GLOBAL FINANCIAL STABILITY REPORT
Shadow Banking Is Boon, Bane for Financial System
October 1, 2014
- Shadow banking differs between countries, shares same underlying drivers
- Shadow banking contributes substantially to financial risks in United States, much less in Europe
- Regulators should work together to avoid risks migrating
Shadow banking is both a boon and a bane for countries, and to reap its benefits, policymakers should minimize the risks it poses to the overall financial system.
Shadow banks act similarly to regular banks by taking money from investors and lending it to borrowers, but are not governed by the same rules or supervised. Shadow banks can include financial institutions such as money market mutual funds, hedge funds, finance companies, and broker/dealers, among others.
The IMF’s latest Global Financial Stability Report analyzes the growth in shadow banking in recent years in both advanced and emerging market economies and the risks involved.
According to the report, shadow banking amounts to between 15 and 25 trillion dollars in the United States, between 13.5 and 22.5 trillion in the euro area, and between 2.5 and 6 trillion in Japan—depending on the measure— and around 7 trillion in emerging markets. In emerging markets, its growth is outpacing that of the traditional banking system.
“We found that the same factors often seem to drive the growth of shadow banking across countries,” says Gaston Gelos, chief of the Global Financial Analysis Division at the IMF. “Shadow banking tends to take off when strict banking regulations are in place, which leads to circumvention of regulations. It also grows when real interest rates and yield spreads are low and investors are searching for higher returns, and when there is a large institutional demand for ‘safe assets,’ for example from insurance companies and pension funds.”
As the global financial crisis has shown, there are also risks associated with shadow banking due to their reliance on short-term funding, which can lead to forced asset sales and downward price spirals when investors want their money back at short notice.

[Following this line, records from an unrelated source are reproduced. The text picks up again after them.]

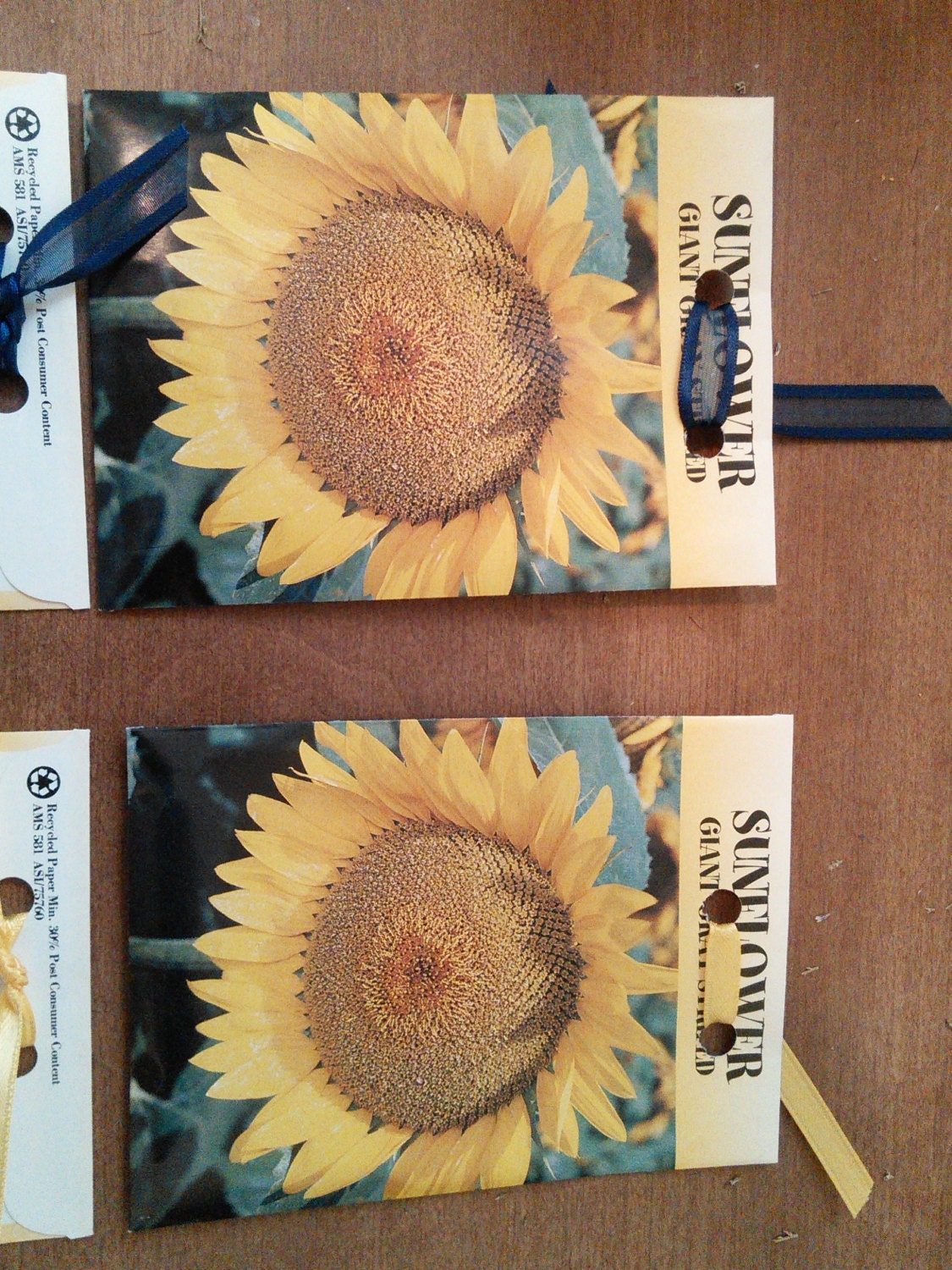 Packets of sunflower seeds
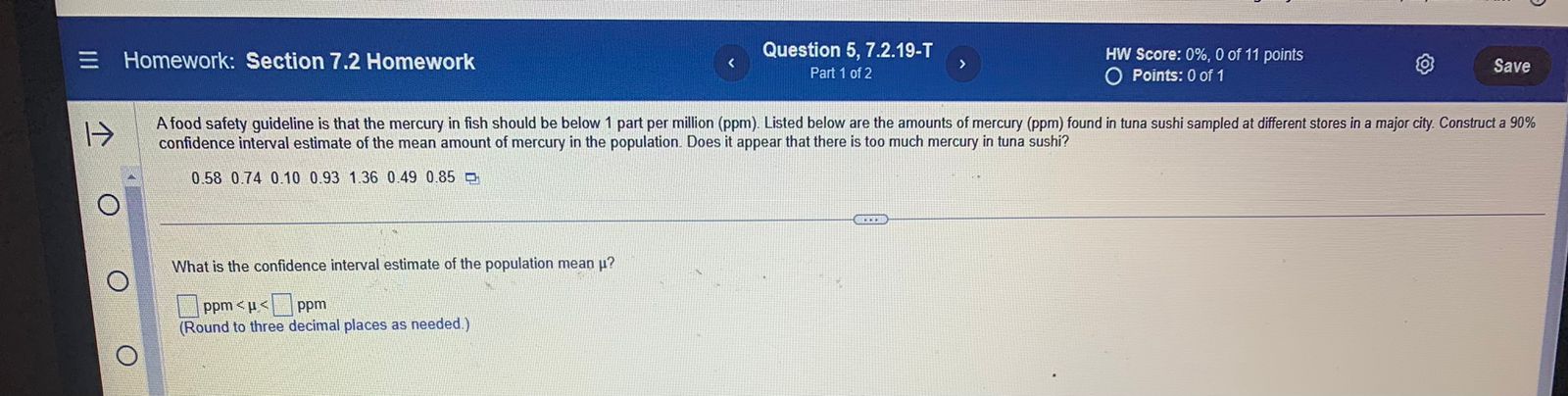 E Homework: Section 7.2 Homework Question 5, 7.2.19-T Part 1 of 2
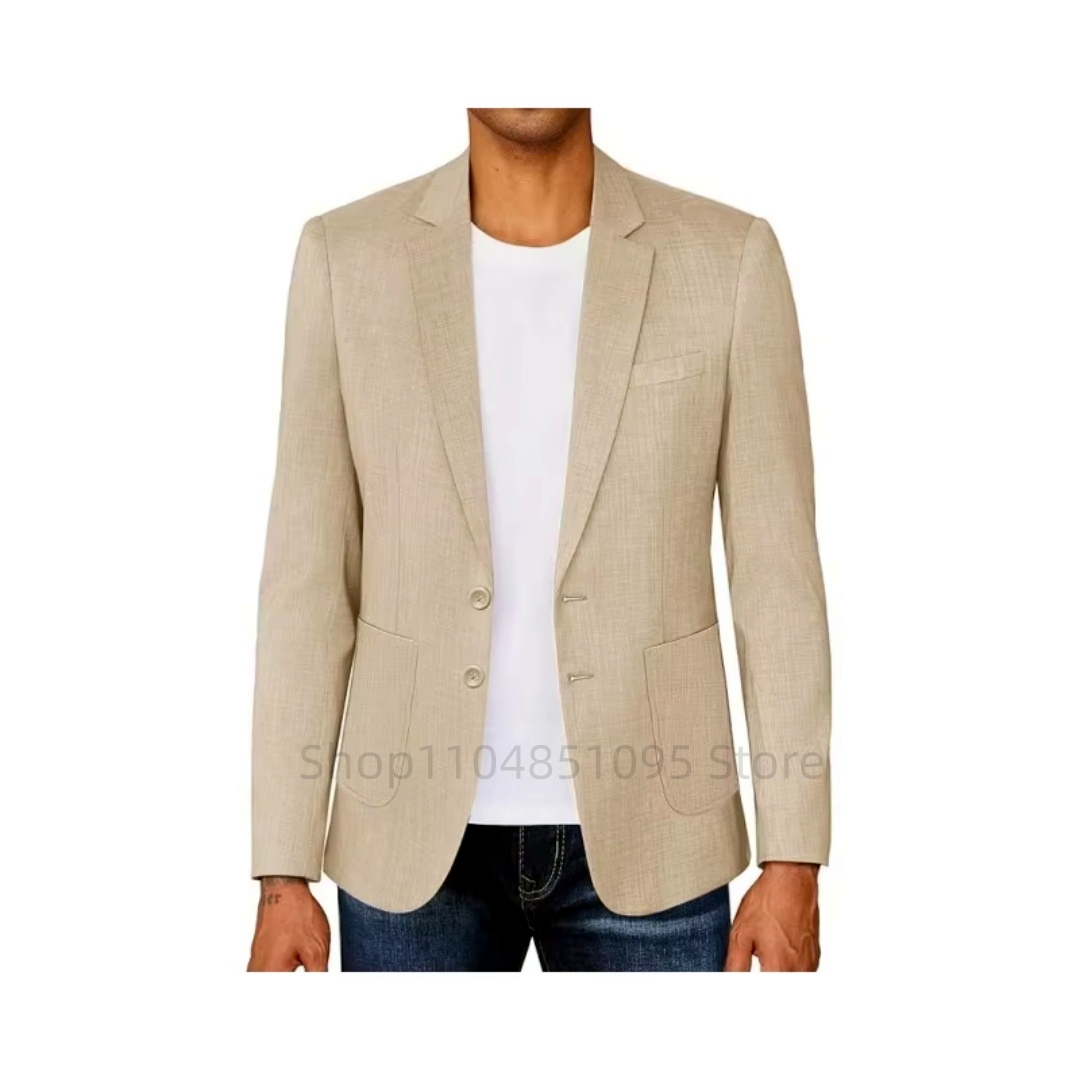Slim Fit erkek Bej/Mavi Keten  - Men Formal Wear Blue incelemesi ve fiyatı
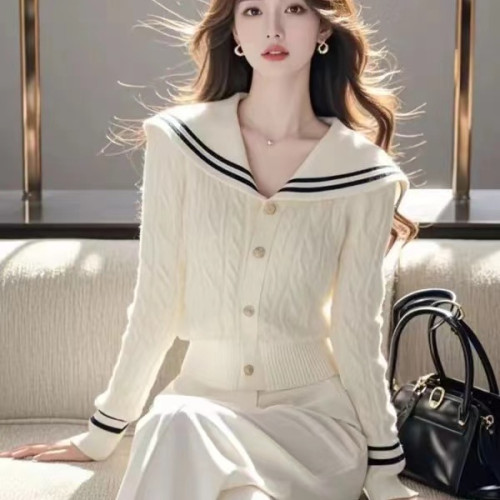 1715#10.4時尚韓版小香風針織毛衣開衫女2025年秋冬新款寬鬆長袖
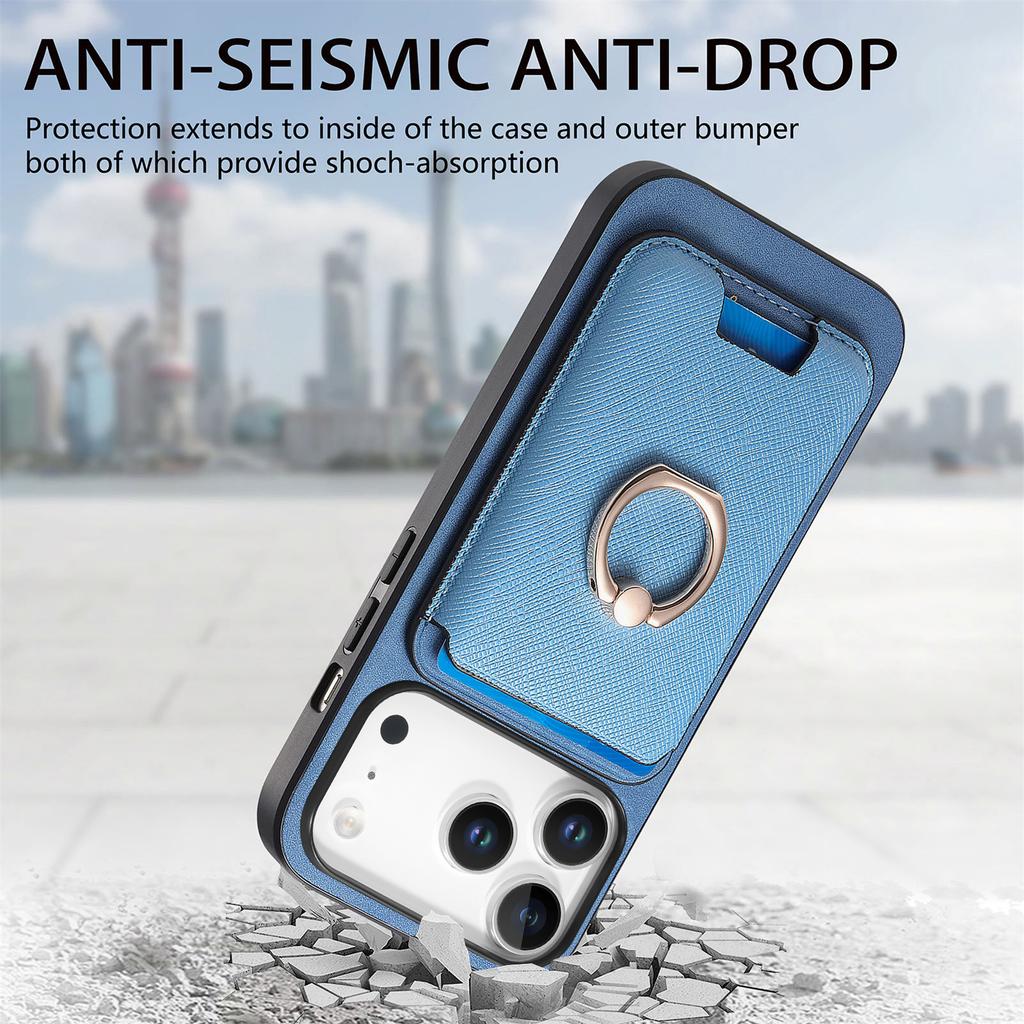 Для iPhone 17 Pro Магнитный чехол Съемный карман для карт Кожаная задняя крышка с подставкой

In the United States, shadow banking accounts for at least a third of total systemic risk, (measured as extreme losses to the financial system that occur with a very low probability), similar to that of banks. In the euro area and the United Kingdom, their contribution to systemic risk is much smaller relative to the risks arising from their banking system. This largely reflects the fact that the latter are still more bank-based financial systems.
In advanced economies, activities traditionally considered less risky, such as non-money market investment funds, have been growing the fastest since 2009; from 35 to 70 percent of GDP in the United States, and from 35 to 65 percent in the euro area.
However, especially in the euro area, these funds are now holding a higher proportion of less-liquid assets, such as commercial loans, compared to five years ago. The IMF observed similar trends in the United States.
This can potentially cause problems if the claims given to investors are very liquid; if many investors want to sell at the same time, funds may not be in a position to meet these redemptions since they would not be able to sell assets quickly. This may result in runs and fire sales, as in the global financial crisis.
Among emerging market economies, the large size (between 35 and 50 percent of GDP), and fast growth (over 20 percent per year), of shadow banking in China stands out and warrants close monitoring. Recently, authorities have taken various steps to combat the excessive growth of shadow banking.
How to manage the boon
Shadow banking can be beneficial. It broadens access to credit, especially in emerging market economies, where traditional banking networks often face capacity or regulatory constraints, such as restrictions on lending or on interest rates.
In advanced markets, various types of funds have been stepping in to provide long-term credit to the private sector as banks have been lending less. Shadow banks also can improve the efficiency of the financial system by deepening market liquidity and risk sharing.
The IMF’s report calls for countries to monitor shadow banking as part of their policies designed to keep the overall financial system safe. The IMF said the degree of shadow banking oversight and regulation should depend on how much it contributes to systemic risk, in line with recommendations by the Financial Stability Board—which brings together national authorities responsible for financial stability.
This macroprudential framework would ensure that shifts in shadow banking to areas where regulation and policy frameworks are weaker would not go undetected. Macroprudential and microprudential supervisors need to work jointly to achieve this.
To assess risks properly, both supervisory authorities and statistical agencies need to provide much more detailed data on shadow banking.
International regulatory cooperation is also crucial. Risks are more likely to increase when regulatory initiatives are implemented by only a few countries, or when they are poorly coordinated. Regulatory tightening in one country, for example, might lead to migration of activities to others with laxer rules. Governments have begun to put in place rules to address the risks through the work of the Financial Stability Board.